Ce choix idéologique, tendant au même but par des stratégies en apparence concurrentes, se retrouve dans le titre de l’exposition de Lou Masduraud à la Maison populaire, à Montreuil: Systm Soupir. Il s’y retrouve, tout autant qu’il s’y donne, poétiquement bégayé, tordu et fondu, grignoté et plié. Venant conclure le cycle No no Desire Desire mené depuis 2020 par le commissaire Thomas Conchou, cet ultime volet ponctue également la résidence d’un an de l’artiste.
Attentive, dans son approche élargie de la sculpture, aux pratiques matérielles et fictionnelles d’émancipation, Lou Masduraud présente au cœur de l’exposition le résultat d’un atelier proposé dans ce cadre. Aux
adhérent-es de l’association, l’artiste a proposé d’arpenter la ville afin d’observer l’architecture des institutions de Montreuil, puis de les reproduire collectivement à échelle réduite.
Détente institutionnelle, le nom de l’installation, rassemble les maquettes en terre cuite de la mairie, de l’école, de l’hôpital, du tribunal, de la bibliothèque, du conservatoire ou du commissariat. Présentées soclées et ainsi magnifiées par le dispositif de monstration, elles semblent néanmoins molles.
Singeant la rigidité du pouvoir, elles le dégonflent, tout en exposant à sa place la potentialité, encore maintenue à l’état de possibles, d’en fluidifier les dispositifs.
Car quelque chose s’élève bel et bien, plutôt qu’une simple table rase, qui démontre l’apprentissage d’un savoir, d’une technique. L’on pense à Matthew Wilson qui, dans son livre Rules Without Rulers (« Lois sans législateurs ») de 2014, avance en guise de dépassement de l’alternative pointée en introduction: « Aujourd’hui, un grand nombre d’anarchistes préfèrent agir au lieu d’élaborer une philosophie politique ou prendre parti au sein d’un débat polémique ».
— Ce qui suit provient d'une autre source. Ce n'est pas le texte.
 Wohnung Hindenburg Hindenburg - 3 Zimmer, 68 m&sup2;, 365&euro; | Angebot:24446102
Dans sa pratique personnelle, Lou Masduraud mobilise également une pragmatique de la dissidence. À travers des matériaux d’usage – céramique, textile, laiton – ou DIY – une pâte de silicone et de fécule de maïs, dont la recette a été trouvée sur Internet – l’artiste devise des Plans d’évasion tout autant qu’elle installe des Cabinets de contorsion. La première des deux séries perce les murs de soupiraux dont le grillage serpentin invite le regard à faire de la surveillance un jeu de voyeurisme réversible, ouvrant sur des métavers ésotériques et chatoyants venant nimber de lumière rose, bleue ou jaune la possibilité de la fuite. La seconde série, elle, réimagine l’architecture domestique – un auvent bourgeois, un cabinet cosmétique – en autant de corps intergenres armaturés d’ossements et lardés de plumes, fleurs, parures et capes, semblant en attente d’activation au sein de jeux escapistes. La pièce entière de l’exposition s’unifie par une ultime intervention.
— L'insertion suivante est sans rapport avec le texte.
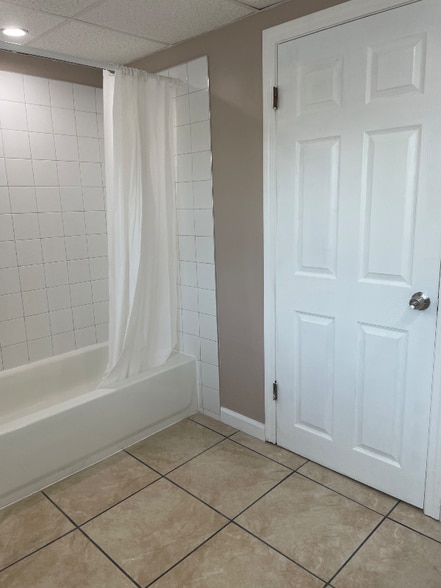 Building Photo - 5 Ambrose St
À l’entrée, l’artiste est venue déplacer au sein de l’exposition l’un des réverbères de l’éclairage public, dont la tête baigne dès lors l’es- pace d’une opacité jaune soufre. Ne sourd alors pas tant la nuit de l’anonymat bienheureux que son annulation même, telle qu’instaurée par l’éclairage artificiel qu’analyse le philosophe Michael Foessel dans son essai La Nuit (2017) sous le prisme de l’impossibilité en ces espaces spectacularisés de « vivre sans témoin ».
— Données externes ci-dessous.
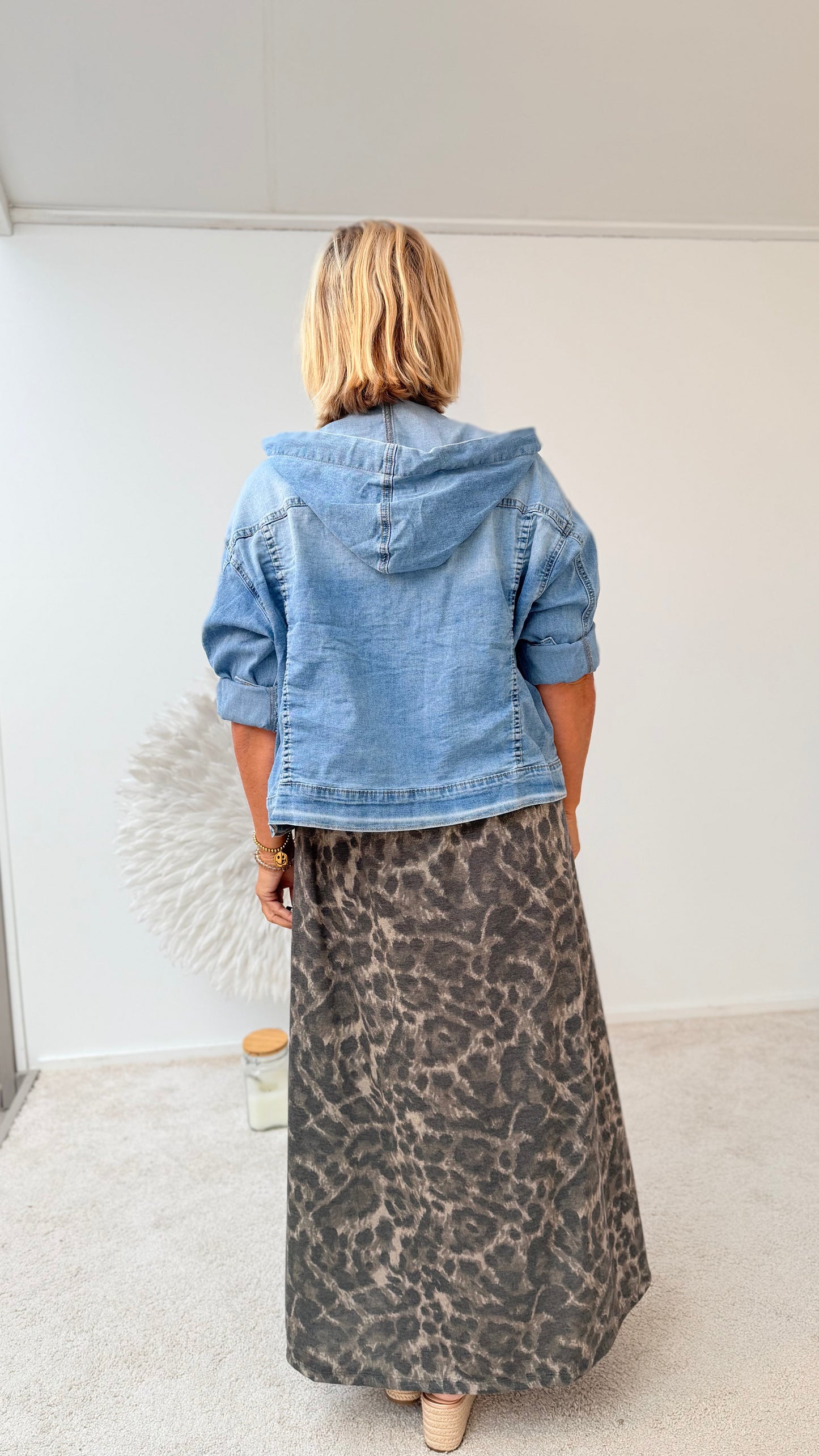 KURZE JEANSJACKE MIT KAPUZE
Attentive à dissoudre l’armature de la ville-organisme et de ses institutions-or- ganes, l’artiste fait œuvre d’apprentie sorcière et renverse par le rire abrasif, l’érotisme carnavalesque et l’abandon pulsionnel des binarismes normatifs entre le haut et le bas, le centre et la périphérie, le soi et le commun. Lou Masduraud infuse les lieux des effluves désirants de l’insurrection tout autant qu’elle perce les murs d’une multitude d’échappatoires mentales, venant recharger la critique frontale des structures normatives d’une enivrante caresse – ou soupir.